Bien sûr, énorme ! Comme tous les maîtres sur leurs disciples…  Bernard était très connaisseur et particulièrement inspiré par le théâtre de Michel de Ghelderode, entre autres ; il m’y a initié, m’a permis de l’apprécier et m’a littéralement insufflé la gourmandise de l’interpréter. C’est aussi son expérience et son goût pour les grands textes classiques qui m’a formé et m’a permis d’apprécier les grandes langues théâtrales, de Racine à Molière, de Hugo à Arrabal, de Ionesco à Koltès, de Kalisky à Novarina, de Piemme à Baricco, de Blasband à Cotton, de Shakespeare à Kribus, de Rostand à Mishima, de Beaumarchais à Klossowski, de Borges à Handke, de Tchekhov à Massini et Rambert… Les grands maîtres qui ont pris la relève dans ma formation : Claude Etienne, Pierre Laroche et Bernard De Coster, ont pu évaluer mon niveau de préparation grâce à mes premiers pas conduits de belle main. Nicole m’a guidé dans la connaissance de la diction, sa passion et sa méthode pour l’apprentissage de ses règles m’ont donné à jamais le souci d’une bonne articulation sur scène. Suzy Falk m’inondait de joie lorsque spectatrice, à l’issue d’une représentation à laquelle je participais, elle me chuchotait qu’elle n’avait pas perdu un mot de ceux qui étaient sortis de ma bouche mais que ce n’était pas le cas chez tous mes partenaires… Irrésistible Suzy ! Je m’empressais de lui dire que j’avais eu une merveilleuse prof de diction.

1978, il y a quarante ans !

Micheline Hardy vous voit concourir aux examens publics à l’Académie d’Etterbeek et vous propose de les rejouer devant Marcel Delval qui vous engage aussitôt pour cinq mois.
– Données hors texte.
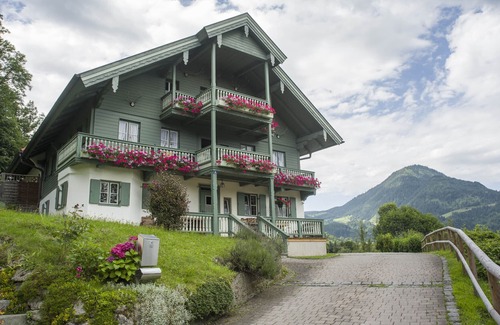 Oberaudorf Apartment | Vacation apartment on the first floor of a new building, 45 sqm with terrace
Au programme, l’Indien cherche le Bronx et Stand de tir d’Israël Horowitz.  Quel souvenir en gardez-vous ?

Le souvenir impérissable d’une première expérience formatrice à tous niveaux. Marcel et tous mes partenaires du spectacle (Hubert Crahay, Patrick Poeks, Monique Ramon, Anne-Marie Cappelliez, Hélène Theunissen, Jacques Olivier, Jacques De Decker…) m’ont appris le métier au quotidien, à faire face aux bonnes surprises comme aux mauvaises. L’immersion a été totale et prolongée. J’ai ainsi fait mes armes dans les meilleures conditions puisque nous proposions notre spectacle dans un cadre scolaire, en tournée dans toute la Belgique francophone. C’était la mission du Groupe Animation Théâtre qui était la Compagnie de Micheline et Marcel. Nous montions et démontions la scéno, avec le régisseur, nous nous installions parfois dans des locaux qui n’étaient pas prévus pour y faire du théâtre : des classes de cours ou des halls de sport. Le régisseur occultait quand c’était possible, parfois nous jouions à la lumière du jour. Après le spectacle, nous ouvrions le débat avec toutes les classes qui y avaient assisté, autour du sujet qui les passionnait : la délinquance juvénile et plus généralement la violence chez les jeunes. Les enseignants présents étaient des relais épatants. Ils avaient souvent préparé les jeunes à nous recevoir. La plupart d’entre eux prenaient part au débat de manière très concernée, d’autres inévitablement chahutaient et dérangeaient. J’ai appris très vite l’importance d’une bonne animation scolaire pour intéresser un public jeune et le rendre réceptif à des problématiques de société… J’ai réalisé à quel point le théâtre est un média puissant pour interroger et sensibiliser le plus grand nombre des spectateurs aux impasses de l’humain, ouvrir le débat, développer la pensée, le sens critique et permettre l’échange constructif de points de vue, d’idées novatrices et porteuses d’avenir.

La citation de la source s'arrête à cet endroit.